Happy 175th Birthday, Modest Mussorgsky!
Copied from Wikipedia:
Modest Petrovich Mussorgsky (Russian: Модест Петрович Мусоргский, IPA: [mɐˈdest ˈmusərkskʲɪj]; 21 March [O.S. 9 March] 1839 – 28 March [O.S. 16 March] 1881) was a Russian composer, one of the group known as “The Five“. He was an innovator of Russian music in the romantic period. He strove to achieve a uniquely Russian musical identity, often in deliberate defiance of the established conventions of Western music.
Many of his works were inspired by Russian history, Russian folklore, and other nationalist themes. Such works include the opera Boris Godunov, the orchestral tone poem Night on Bald Mountain, and the piano suite Pictures at an Exhibition.
For many years Mussorgsky’s works were mainly known in versions revised or completed by other composers.
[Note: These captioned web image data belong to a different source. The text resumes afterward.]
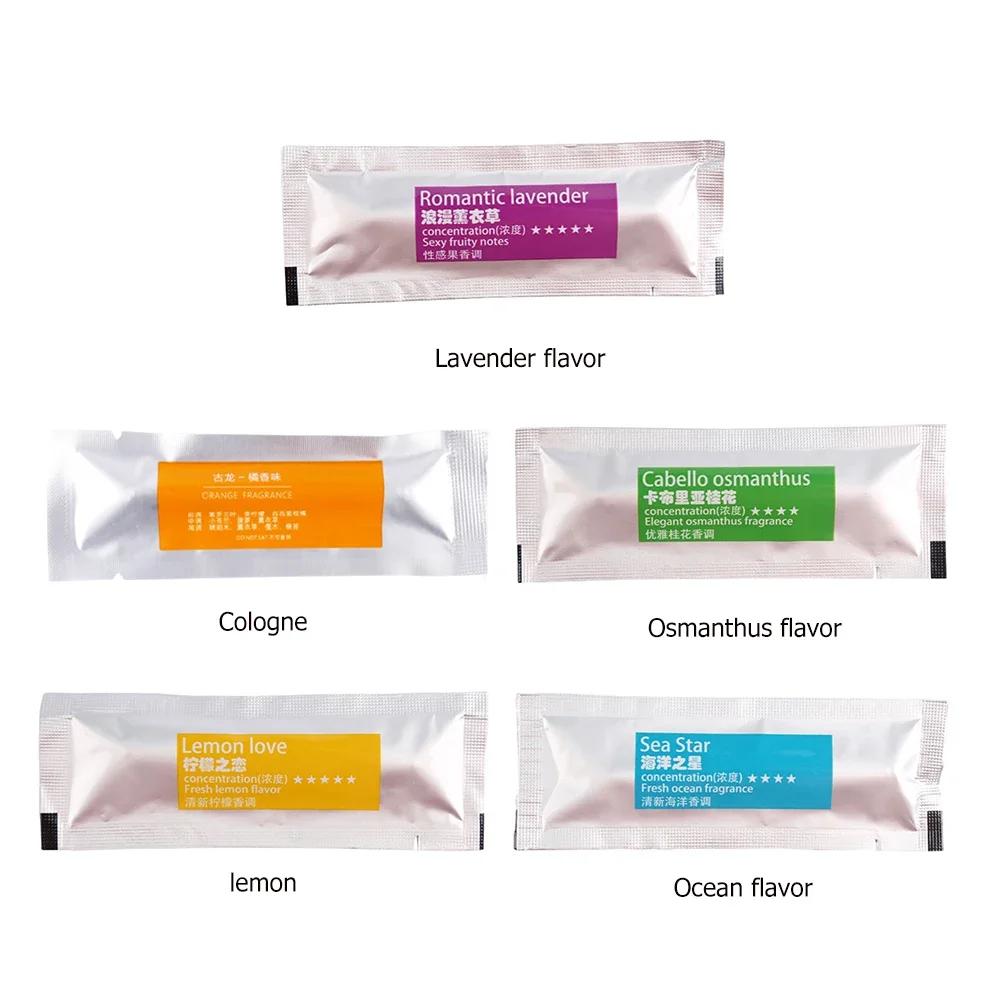 20PCS Car Perfume Refill Aroma Stick Ventilation Clip Freshener Perfume Car Styling Air Purifier Conditioning Perfume Stick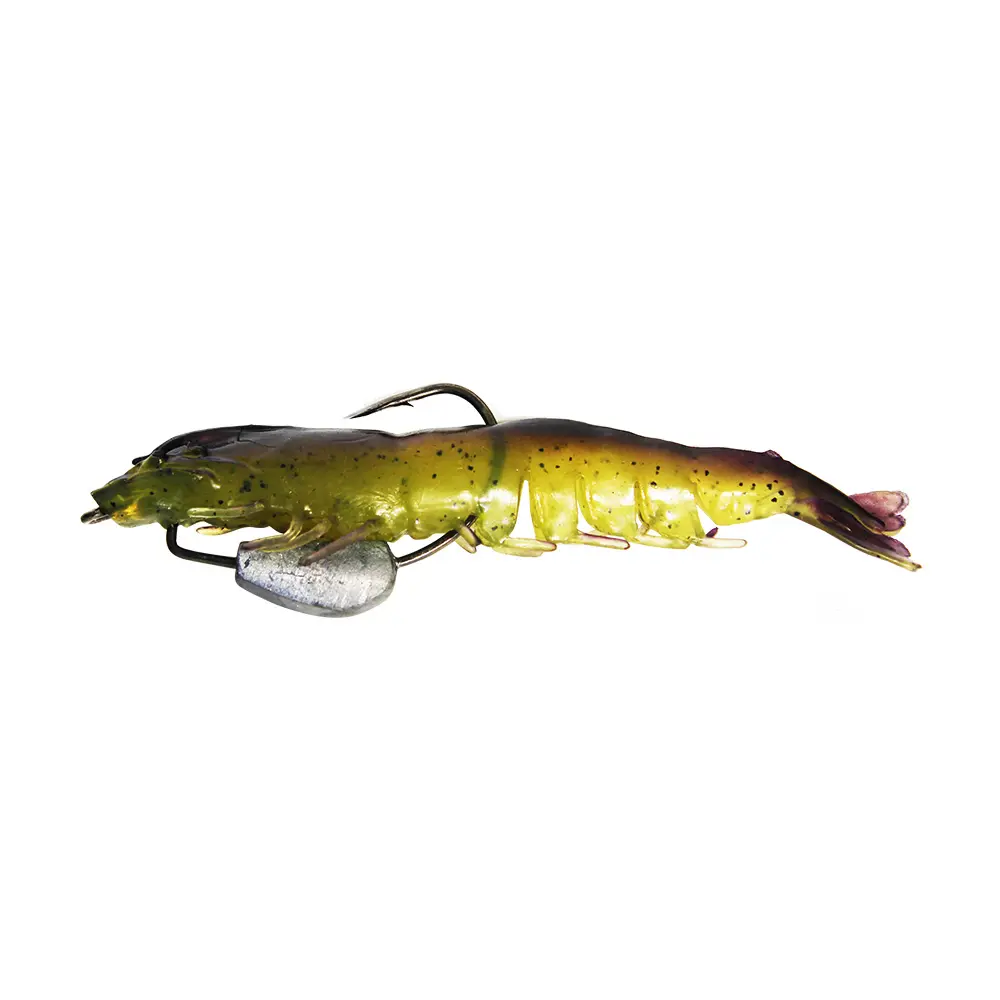 [8887113667779] FishArt Supa Shrimp | 3.5" 12g | Mutant Chart
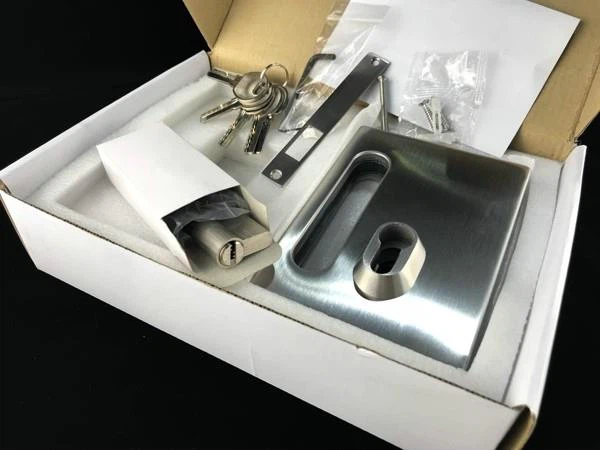 Sliding Glass Door Lock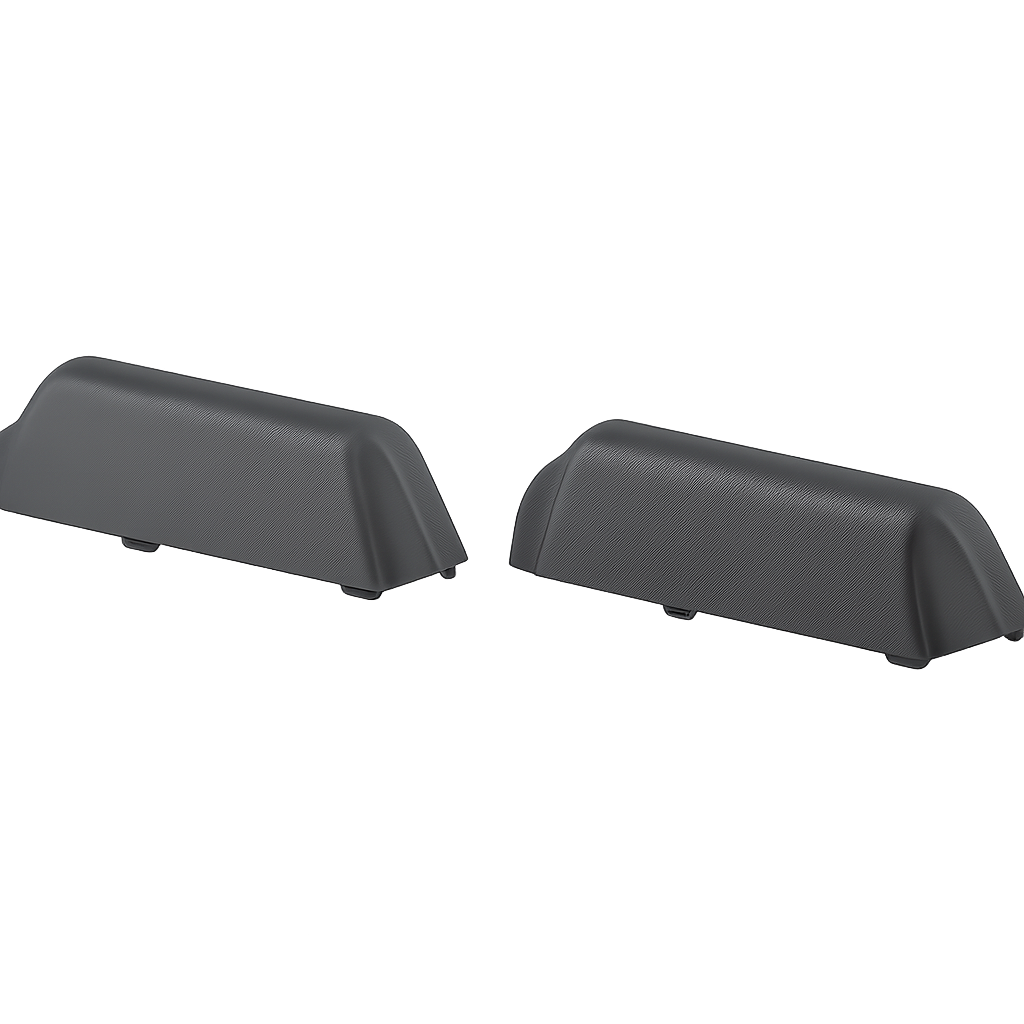 Magpul SGA/Hunter High Cheek Riser Kit - BLK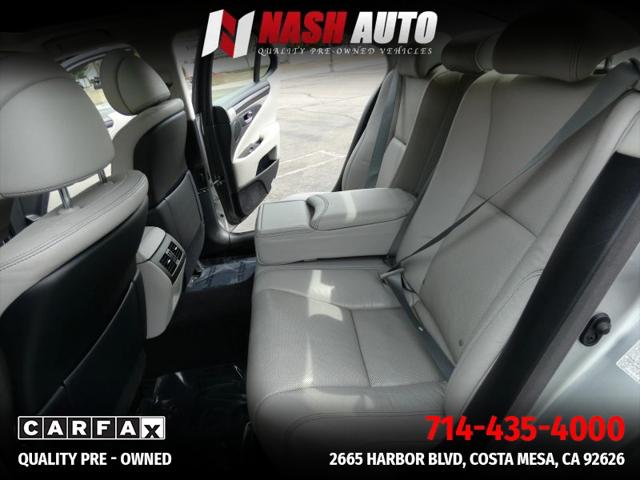 2016 Lexus LS 460 460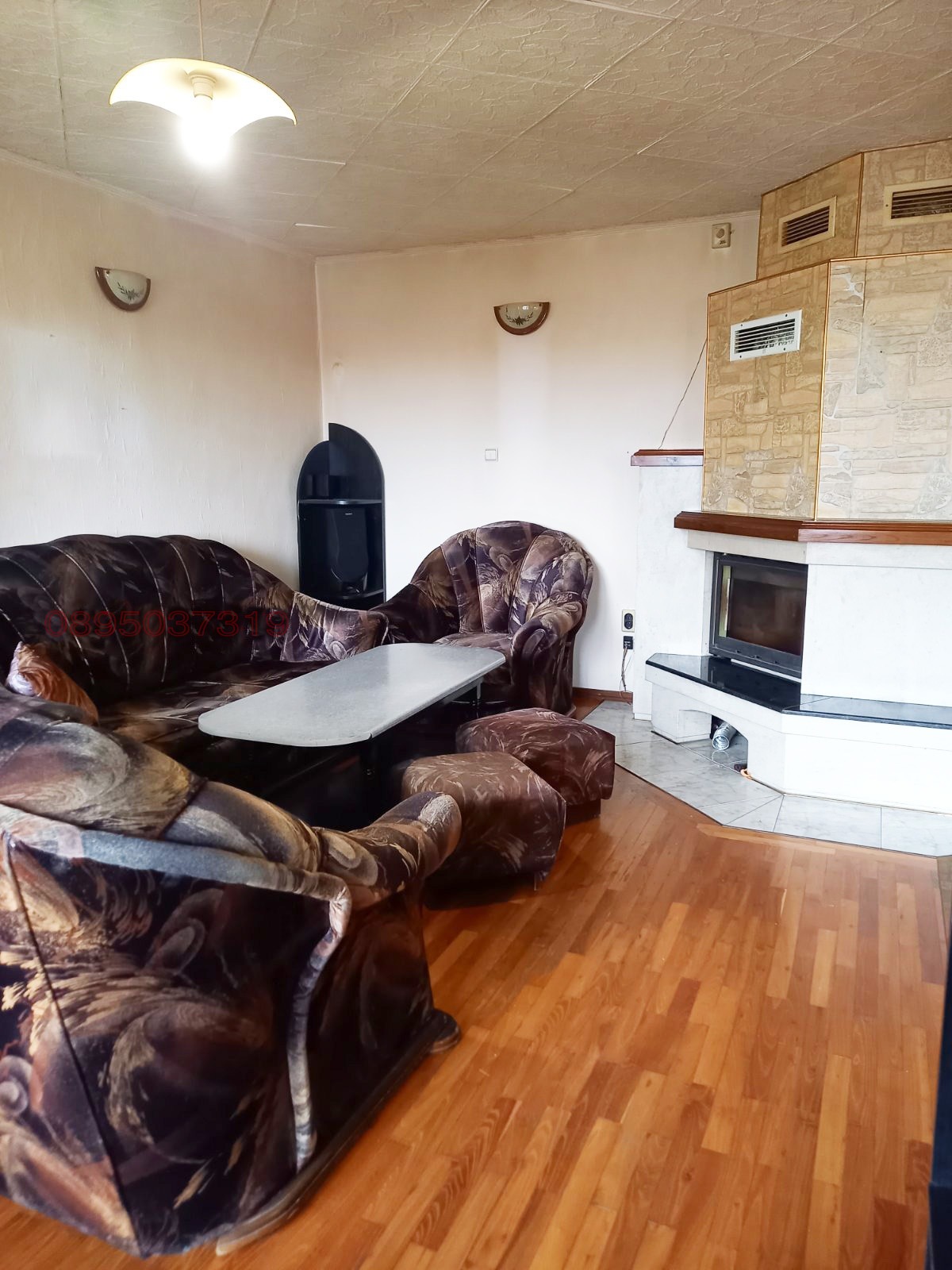 Продава 2-СТАЕН, гр. Шумен, Тракия, снимка 3 - Апартаменти - 56293139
Many of his most important compositions have recently come into their own in their original forms, and some of the original scores are now also available.
From Darin: I have long been a fan of Modest Mussorgsky’s work, particularly Pictures at an Exhibition, and his dramatic use of music to tell a story without words. These incredible melodies, along with the compelling names of the various movements of Pictures, were among the first inspirations for my novel, The Mussorgsky Riddle. Truth be told, it all came to me when I was reading the back of the Pictures CD a few years ago and a simple connection formed in my head: “These are chapter titles.” From there, months and months of brainstorming of how to bring this piece of music to life eventually led to the novel being published by Curiosity Quills Press Fall/Winter 2014.
From Viktor Hartmann’s original paintings to Mussorgsky’s piano to Ravel’s orchestration to Emerson, Lake, and Palmer’s rock album, to my novel… Who knows what might come next?